Bagikan melalui


Extending RealProxy

This topic is specific to a legacy technology that is retained for backward compatibility with existing applications and is not recommended for new development. Distributed applications should now be developed using the Windows Communication Foundation (WCF).

Extending the proxy can be useful when you want to participate in the proxy creation process, marshal remote method calls, or determine object identity, among other things. You can build your own proxy using the extensible RealProxy class. To build a custom proxy involves deriving a class from the RealProxy class and overriding the RealProxy.Invoke method. The new (New in Visual Basic) statement can be intercepted by deriving from the ProxyAttribute attribute and applying the attribute to a child of ContextBoundObject. (Applying the proxy attribute to a child of MarshalByRefObject is not supported.) When new is called, the derived ProxyAttribute creates an instance of the custom proxy. An application can also create a custom proxy instance directly.

When the application code calls a method on a custom proxy, the overridden RealProxy.Invoke method is called with an object that implements IMessage. The IMessage implementation provides an IDictionary implementation that provides name/value pairs of information about the method. For more information about particular entries in the dictionary, see the reference documentation for the IMessage interface and related interfaces (IMethodCallMessage and IMethodReturnMessage).

A real object can be called from the overridden Invoke method by calling RemotingServices.ExecuteMessage, which dispatches the call to the real object.

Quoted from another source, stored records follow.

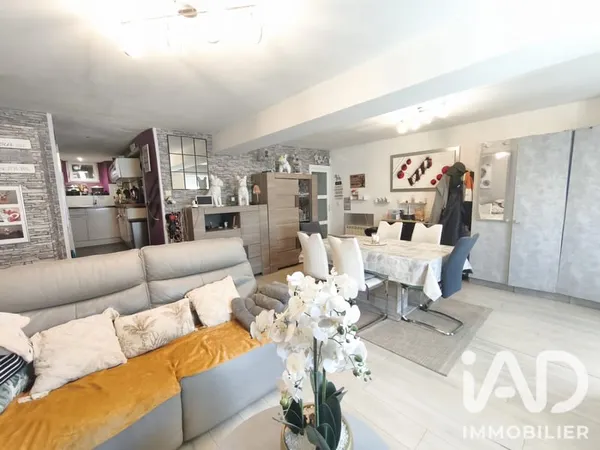 Maison 4 pièces 92 m²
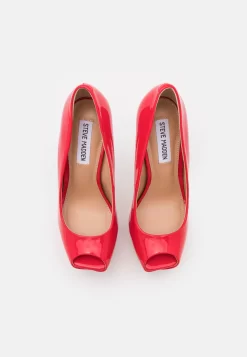 Steve Madden Presecco - Plateaupumps - Red -Winkel voor modeartikelen 3ffdb2e51d594740b70c5990edceab94 scaled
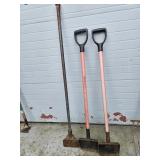 Roofing Shovels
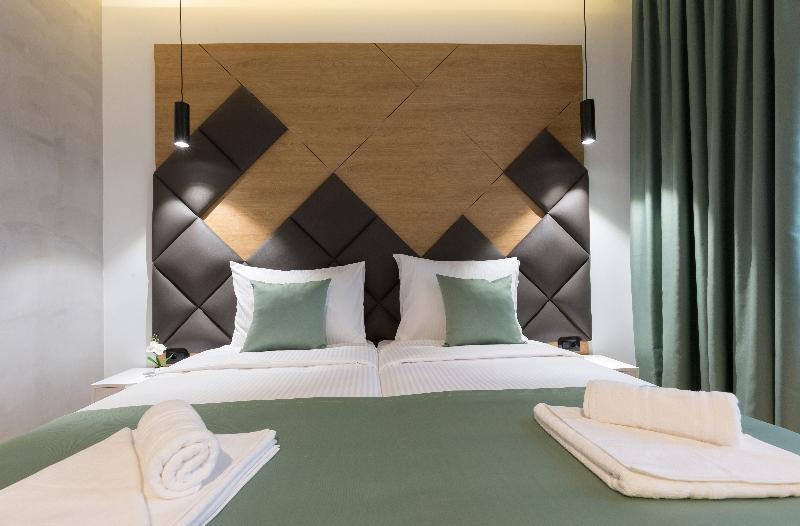 Hotel Capital - Oda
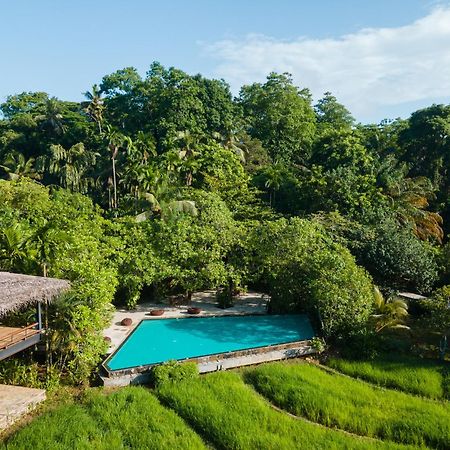 Villa Jetwing Kurulubedda - Adults Only Galle Esterno foto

You can also use the EnterpriseServicesHelper.CreateConstructionReturnMessage method to process an IConstructionCallMessage object and generate an IConstructionReturnMessage object. You can also use the RealProxy.InitializeServerObject method to create the backing object (the object represented by the proxy).

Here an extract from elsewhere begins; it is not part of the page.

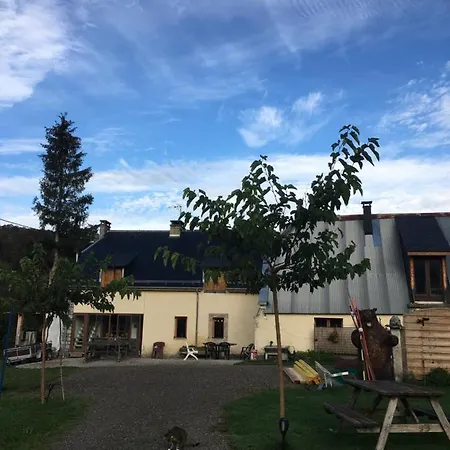 Bed & Breakfast La Taniere Des Ours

When using the derived ProxyAttribute, you can create a real object in the overridden ProxyAttribute.CreateInstance method and store it as a field in the custom proxy. The custom proxy can marshal the real object to obtain the ObjRef object that contains the Uniform Resource Identifier (URI). The URI must be stored in the proxy, because the "__Uri" entry in the collection returned by the IMessage.Properties property must be set in the IMessage implementation to dispatch a call to a real object.

Of course, the message does not have to be dispatched on a real object; you can perform some task with it in Invoke and generate and return an object that implements the IMethodReturnMessage) interface.

To participate in marshaling, override RealProxy.CreateObjRef and provide a custom ObjRef that extends ObjRef. If you want to add custom data to the custom ObjRef, override ObjRef.GetObjectData. You add your custom data and delegate to the ObjRef.GetObjectData method to modify the object identity capabilities of the .NET remoting marshaling system.

During deserialization, the remoting system calls your overridden GetRealObject on the custom ObjRef. Here, you should delegate to the base GetRealObject method because the base handles the object identity and sets up remoting channels. The base also calls your overridden ProxyAttribute.CreateProxy method to allow you to set up your custom proxy.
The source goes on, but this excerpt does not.